Work to complete ▸ Copy, without a single change, each line from the one that holds "Aurelis Goldfarbe Schmuckset" to the bottom of the entries below, and drop any pictures.

Working data ▸
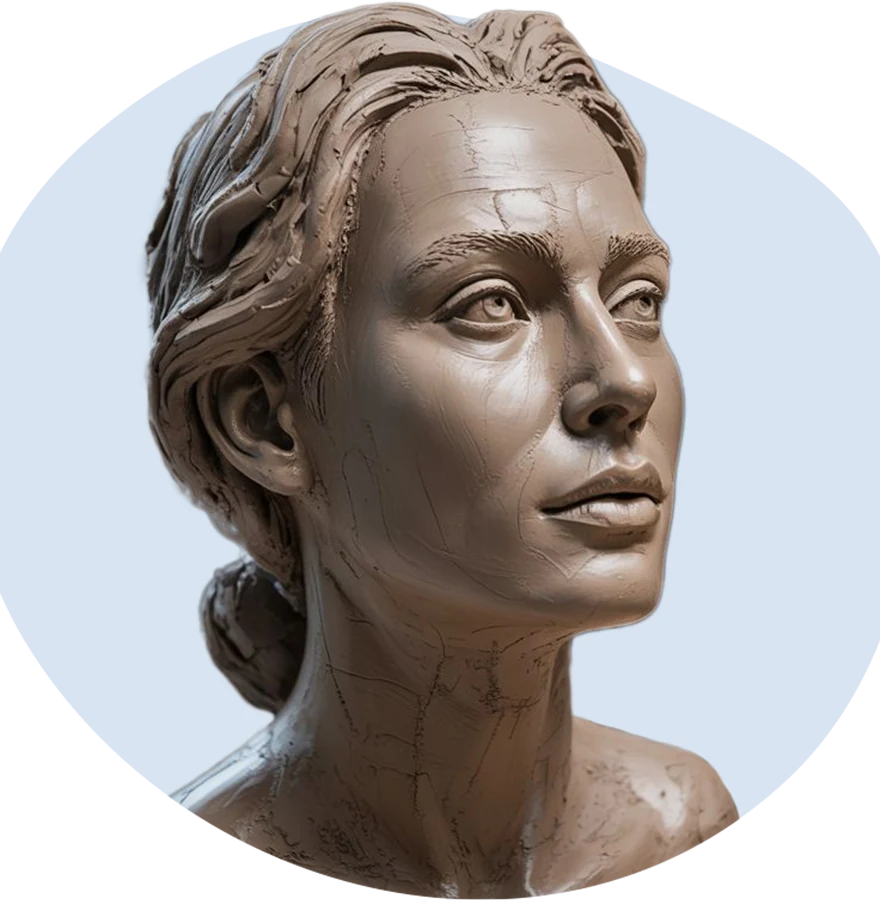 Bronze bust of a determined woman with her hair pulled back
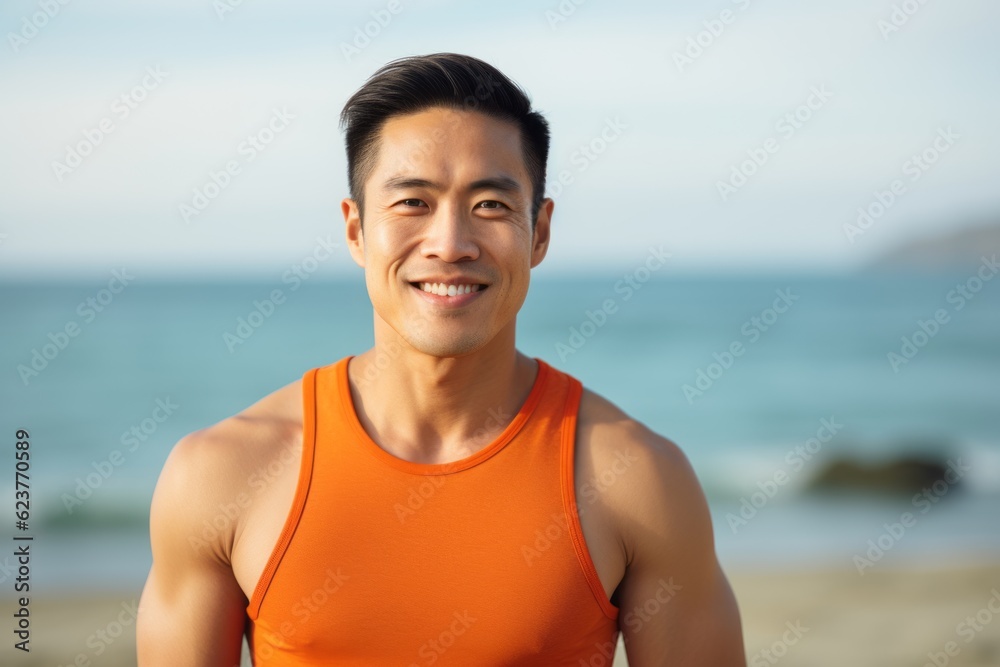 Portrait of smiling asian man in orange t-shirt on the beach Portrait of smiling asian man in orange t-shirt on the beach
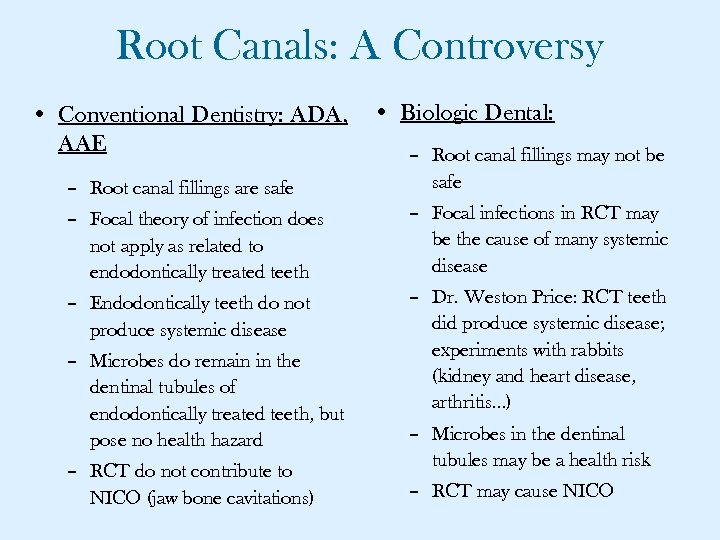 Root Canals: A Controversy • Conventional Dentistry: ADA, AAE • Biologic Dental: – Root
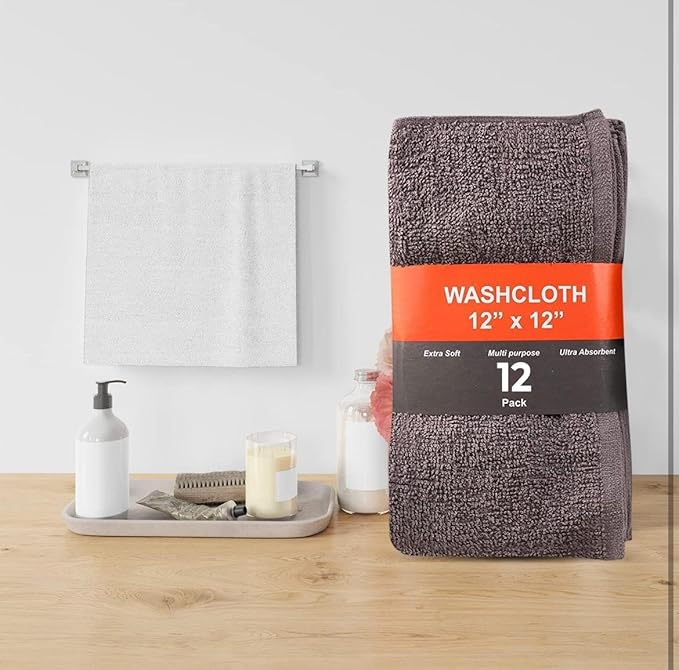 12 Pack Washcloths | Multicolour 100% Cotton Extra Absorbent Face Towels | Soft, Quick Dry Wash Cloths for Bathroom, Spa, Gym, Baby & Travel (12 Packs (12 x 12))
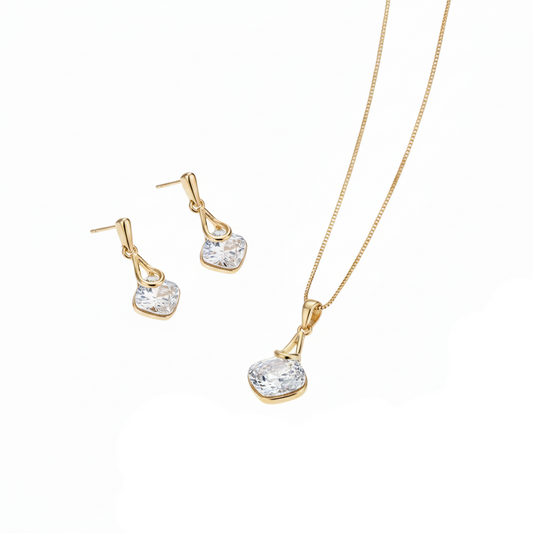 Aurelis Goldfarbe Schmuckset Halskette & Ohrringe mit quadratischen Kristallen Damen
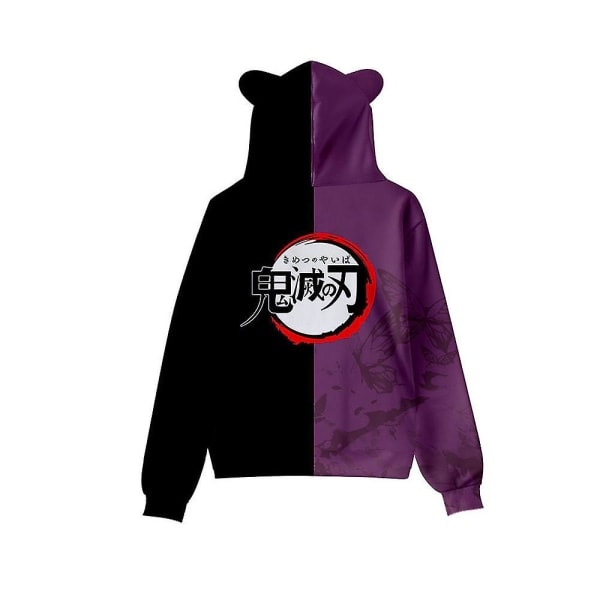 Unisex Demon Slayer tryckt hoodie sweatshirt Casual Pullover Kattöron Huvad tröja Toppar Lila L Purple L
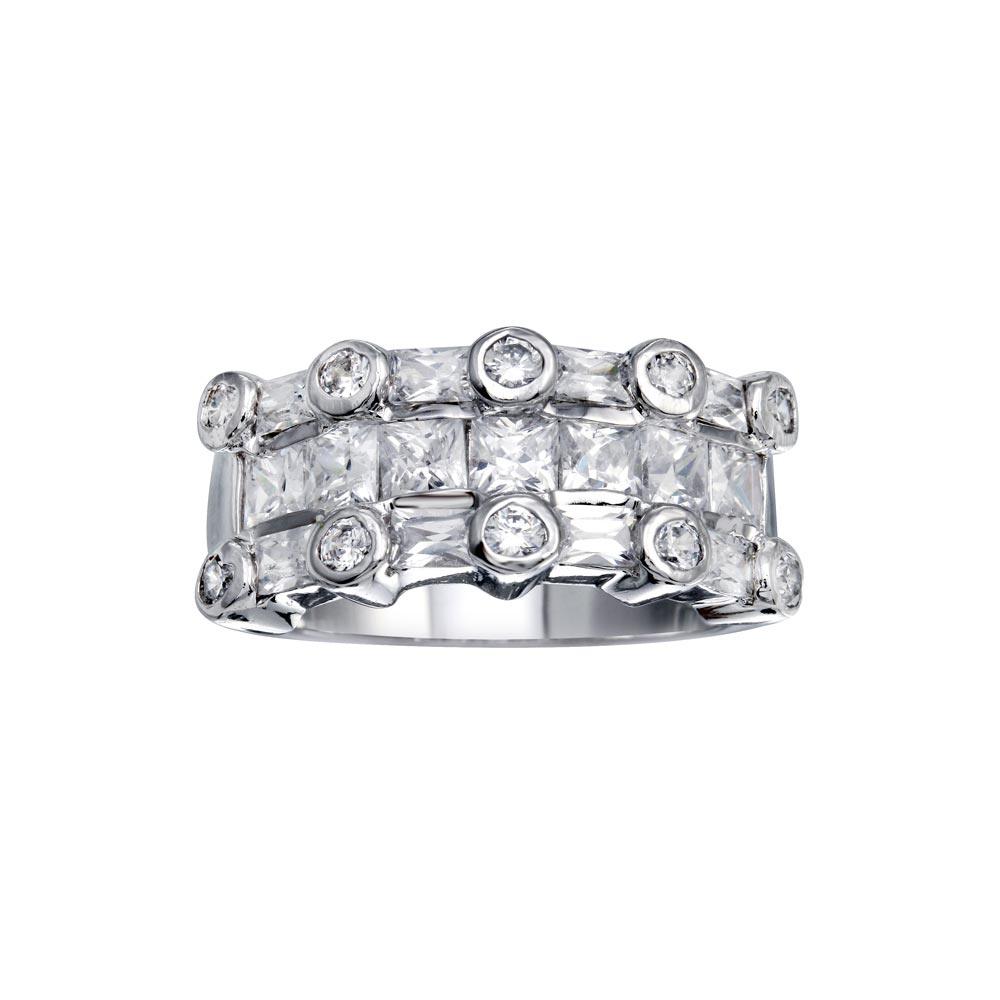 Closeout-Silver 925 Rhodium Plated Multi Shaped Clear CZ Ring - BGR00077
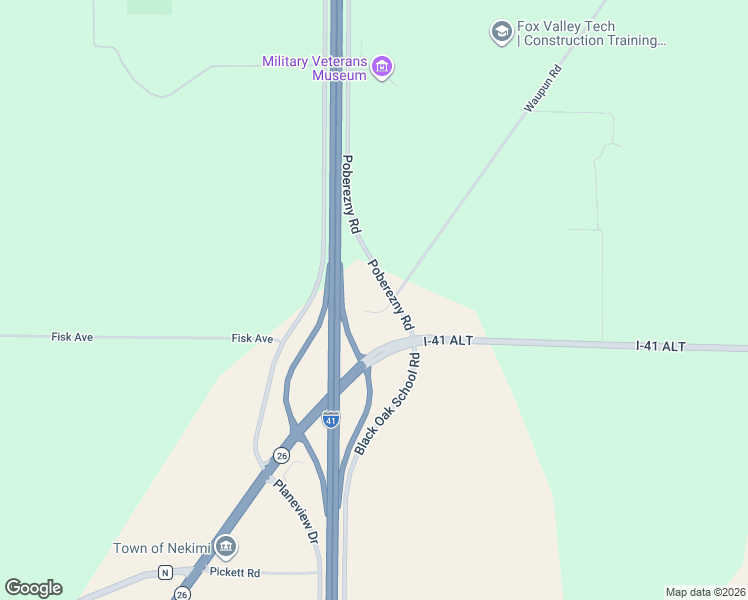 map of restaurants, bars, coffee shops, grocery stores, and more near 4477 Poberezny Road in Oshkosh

Answer to this exercise ▸
 Aurelis Goldfarbe Schmuckset Halskette & Ohrringe mit quadratischen Kristallen Damen
 Unisex Demon Slayer tryckt hoodie sweatshirt Casual Pullover Kattöron Huvad tröja Toppar Lila L Purple L
 Closeout-Silver 925 Rhodium Plated Multi Shaped Clear CZ Ring - BGR00077
 map of restaurants, bars, coffee shops, grocery stores, and more near 4477 Poberezny Road in Oshkosh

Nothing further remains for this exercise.